One of our most frequently asked questions (right up there with “How old is that bus?” and “Oh, wow, is that a cat on a leash!?!”) is “Who has the best cell network?”

As technomads who have been living and running our business on the road for 5+ years now, indeed, we have more first hand knowledge about staying connected than most, and have written some internet connectivity posts offering up advice.

We can tell you all about the pluses and minuses of every network in the USA, usually because we’ve tried them all out.

But as for the best one overall? In short, there is no simple answer.

If you live in one location and only travel occasionally, it’s relatively easy to pick a network. Obviously, you go with the one that you’ve observed to have the best service within your area, knowing that coverage and speeds may actually vary block-by-block in your neighborhood due to tower placement and network load.

While there might be an obvious “best” network for a given neighborhood, us frequent travelers have a harder choice to make. There simply is no single best network everywhere nationwide. All of the big four have their strengths and weaknesses in various locations across the country.

And they are all at different stages of evolution in their technology roll out. Verizon and AT&T are the first to bring the latest LTE technology to market, but while Sprint and T-Mobile lag behind, they are headed that way as well.

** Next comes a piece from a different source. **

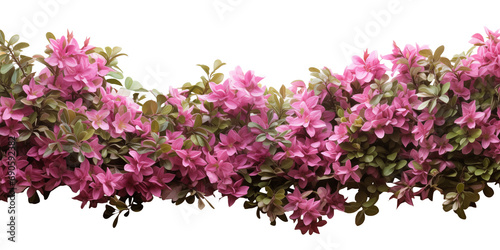 Pink flowers bush shrub green tree isolated tropical plant border with clipping path isolated on transparent background. Generative AI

With the new iPad coming out later this week on Verizon and AT&T’s LTE networks – the “best network” question is once again buzzing all over. If you are going to stand in line on Friday to get a new iPad you’ll be faced with a choice: AT&T or Verizon. Or neither – and go with a WiFi version and use your existing internet pipelines.

Which should you choose?

Does LTE even matter where you plan to travel?

What on earth is LTE, anyway?


Long Term Evolution (LTE) is the latest and greatest cellular wireless technology standard that promises a future filled with blazing fast mobile internet speeds – so fast that even watching streamed HD video on the go is possible.

But with great speed comes great responsibility.

Using LTE it is theoretically feasible to actually use up an entire month’s 5GB data allotment in a matter of minutes, so you need to watch your usage carefully! HD video may be possible, but for now at least, it is not advised.

Both Verizon and AT&T have been aggressively rolling out LTE equipment and service, and Sprint has announced they will be abandoning their current WiMax 4G network to embrace an LTE future too. Even T-Mobile will be migrating towards LTE in the coming years, at last unifying all the major carriers under a common technological standard.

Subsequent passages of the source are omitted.